Problem
Beginning with the line containing "Taylandlı yetişkin öğrenci" and ending at the last line of the records, transcribe each line exactly. Do not include pictures.

Data to examine

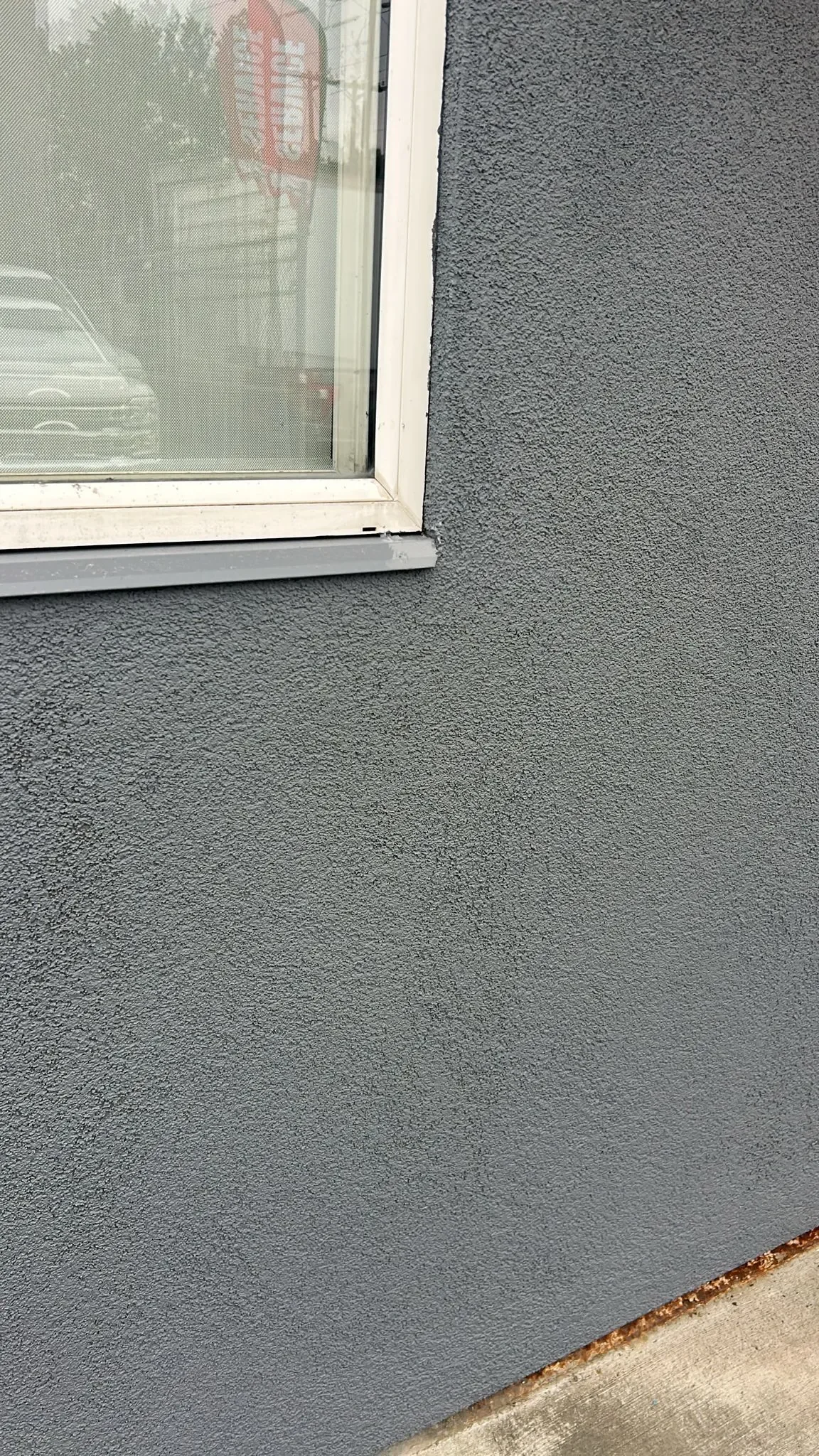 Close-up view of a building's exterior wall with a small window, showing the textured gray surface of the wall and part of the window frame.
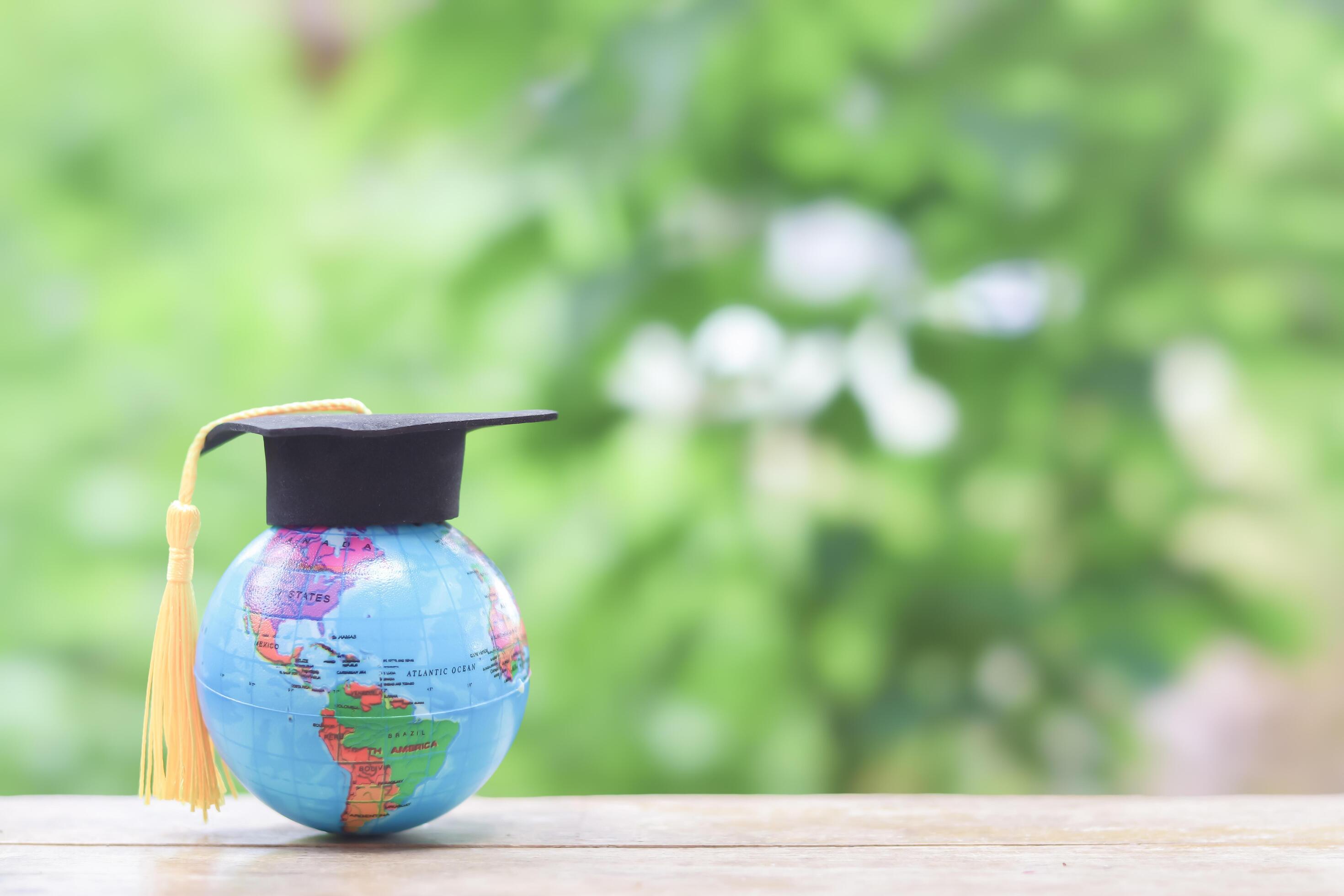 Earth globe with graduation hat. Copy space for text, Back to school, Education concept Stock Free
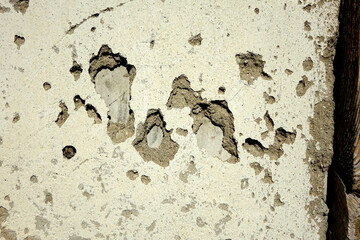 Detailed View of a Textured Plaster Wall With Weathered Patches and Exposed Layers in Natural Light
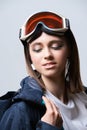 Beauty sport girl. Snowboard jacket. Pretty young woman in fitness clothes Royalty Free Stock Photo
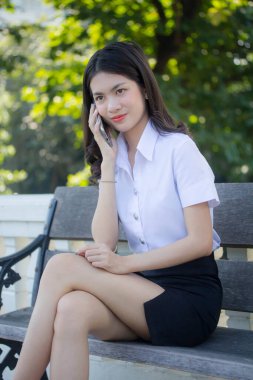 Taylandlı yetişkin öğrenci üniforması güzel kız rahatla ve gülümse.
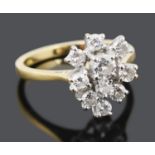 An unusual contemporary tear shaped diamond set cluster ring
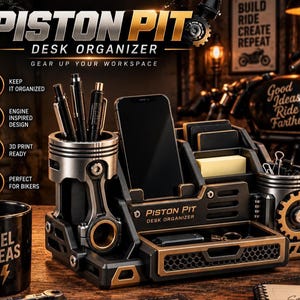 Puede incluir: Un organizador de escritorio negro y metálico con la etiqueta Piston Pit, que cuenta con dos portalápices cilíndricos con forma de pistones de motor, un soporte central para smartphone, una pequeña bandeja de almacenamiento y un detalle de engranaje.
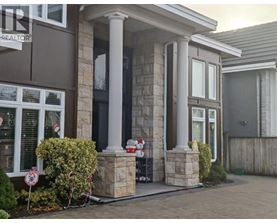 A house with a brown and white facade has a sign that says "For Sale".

Answer space
 Taylandlı yetişkin öğrenci üniforması güzel kız rahatla ve gülümse.
 An unusual contemporary tear shaped diamond set cluster ring
 Puede incluir: Un organizador de escritorio negro y metálico con la etiqueta Piston Pit, que cuenta con dos portalápices cilíndricos con forma de pistones de motor, un soporte central para smartphone, una pequeña bandeja de almacenamiento y un detalle de engranaje.
 A house with a brown and white facade has a sign that says "For Sale".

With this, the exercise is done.